Ebenfalls einen Beitrag zu den hohen Kosten leistet für Schmied die geringe Unterrichtsverpflichtung der Lehrer im internationalen Vergleich. Durch das von ihr angestrebte neue Dienstrecht wolle sie Lehrer von administrativen Aufgaben entlasten. Bei den Lehrergehältern sei Österreich im OECD-Vergleich „gut positioniert“, meinte Schmied: „Und das ist auch gut so.“ Es spreche jedoch einiges für die angestrebte Drehung der Gehaltskurve, durch die Lehrer am Beginn ihrer Laufbahn mehr und am Schluss weniger verdienen sollen.

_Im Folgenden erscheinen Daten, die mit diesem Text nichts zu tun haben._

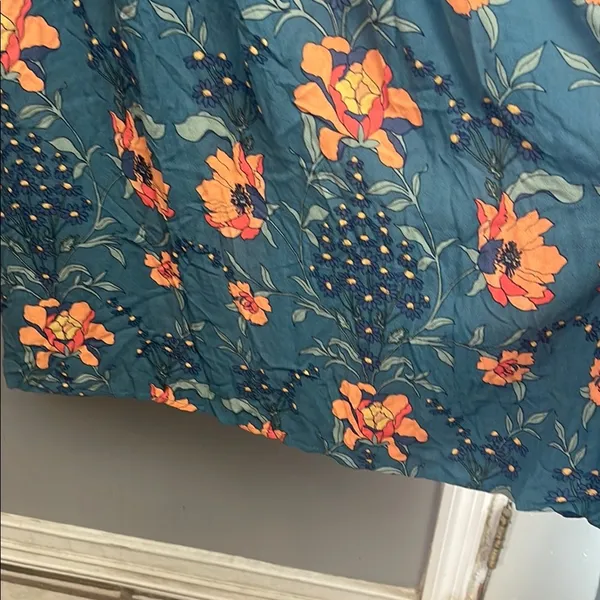 O'Neill Blue Pleated Maxi floral Sundress - Image 3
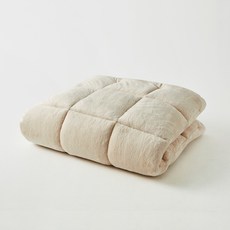 HANSSEM 舒適超細纖維床墊, 米色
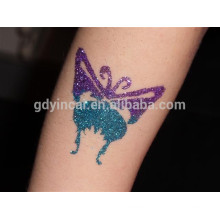 Farbe temporäre Glitter Powder Body Sticker Tattoos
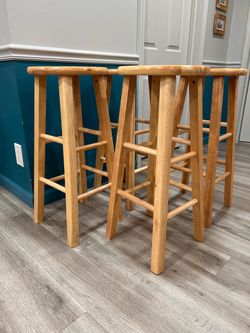 Bar stools solid wood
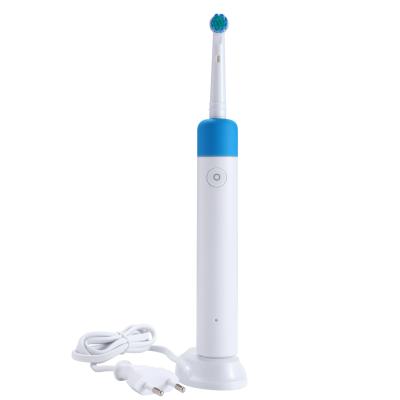 China Battery Operated Waterproof Rotary Electric Toothbrush IPX7 Waterproof Rechargeable Toothbrush for sale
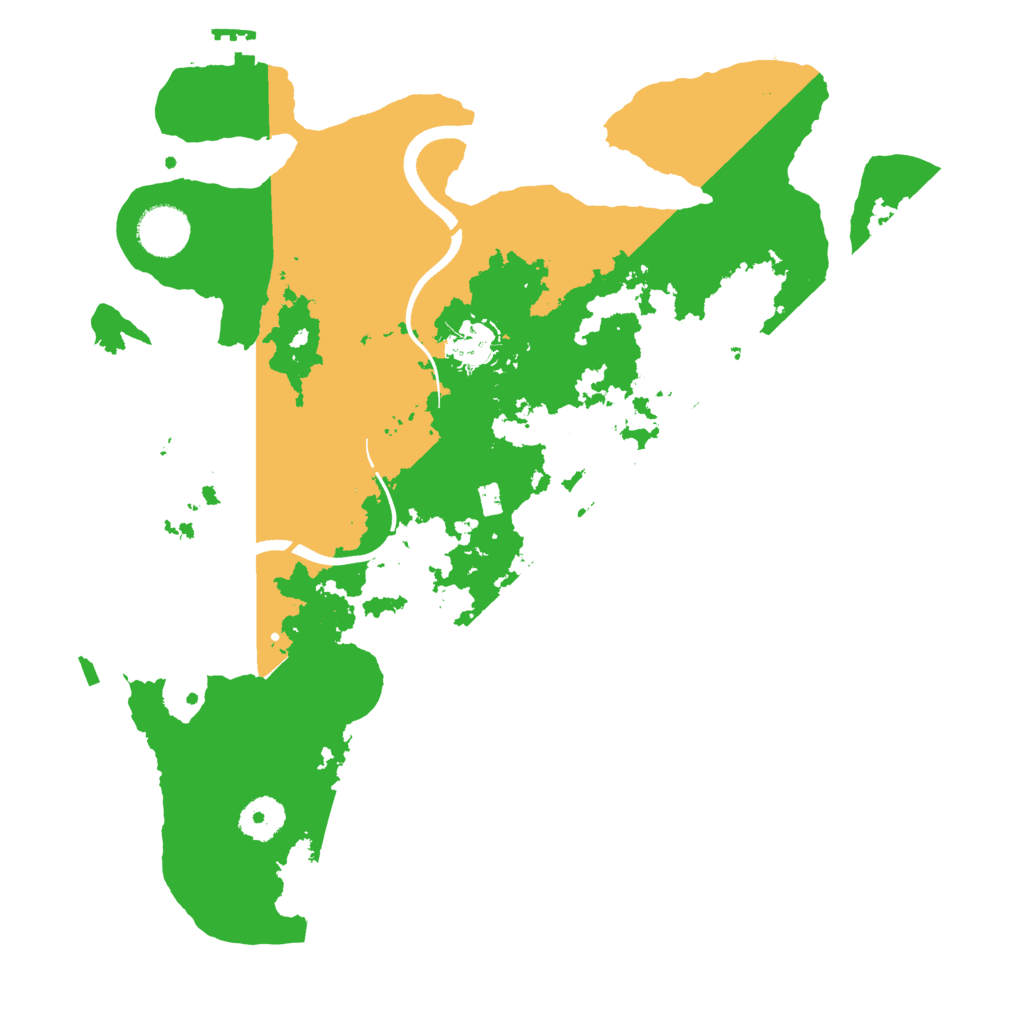 Biome Rust Map: Procedural Map, Size: 3500, Seed: 20230317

Für Töchterle sind „inaktive Studenten“ das Problem

Töchterle sieht sich durch die Ergebnisse der aktuellen OECD-Studie in seinem Zuständigkeitsbereich der Unis darin bestätigt, dass in Österreich mehr private Mittel an die Hochschulen gehen müssen. Damit meint er neben Spenden und Investitionen von Unternehmen explizit einmal mehr Studiengebühren. Um die unter dem EU- und OECD-Schnitt liegende Akademiker- und Hochschulabschlussquote zu steigern, will Töchterle eine Verringerung der Zahl „inaktiver Studenten“ erreichen.

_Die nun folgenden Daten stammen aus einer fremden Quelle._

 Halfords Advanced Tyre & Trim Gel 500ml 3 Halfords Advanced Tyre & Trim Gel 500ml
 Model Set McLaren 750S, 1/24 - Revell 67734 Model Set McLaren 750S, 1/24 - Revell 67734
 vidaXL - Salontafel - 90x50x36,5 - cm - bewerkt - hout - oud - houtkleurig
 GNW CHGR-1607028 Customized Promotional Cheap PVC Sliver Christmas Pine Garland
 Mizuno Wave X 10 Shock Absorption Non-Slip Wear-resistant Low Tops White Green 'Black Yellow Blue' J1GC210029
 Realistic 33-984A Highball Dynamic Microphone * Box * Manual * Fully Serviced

Laut eigener Aussage will Töchterle die Verbindlichkeit des Studiums erhöhen. Als Maßnahmen nannte er in einer Aussendung mehr Studienberatung, verbesserte Rahmenbedingungen durch einen „geregelten Zugang“ in Massenfächern, bessere Betreuungsverhältnisse durch die geplante Studienplatzfinanzierung sowie moderate Studienbeiträge, ohne jedoch auf Gründe für Studienabbruch wie die nötige Bestreitung des Lebensunterhalts durch Nebenjobs einzugehen.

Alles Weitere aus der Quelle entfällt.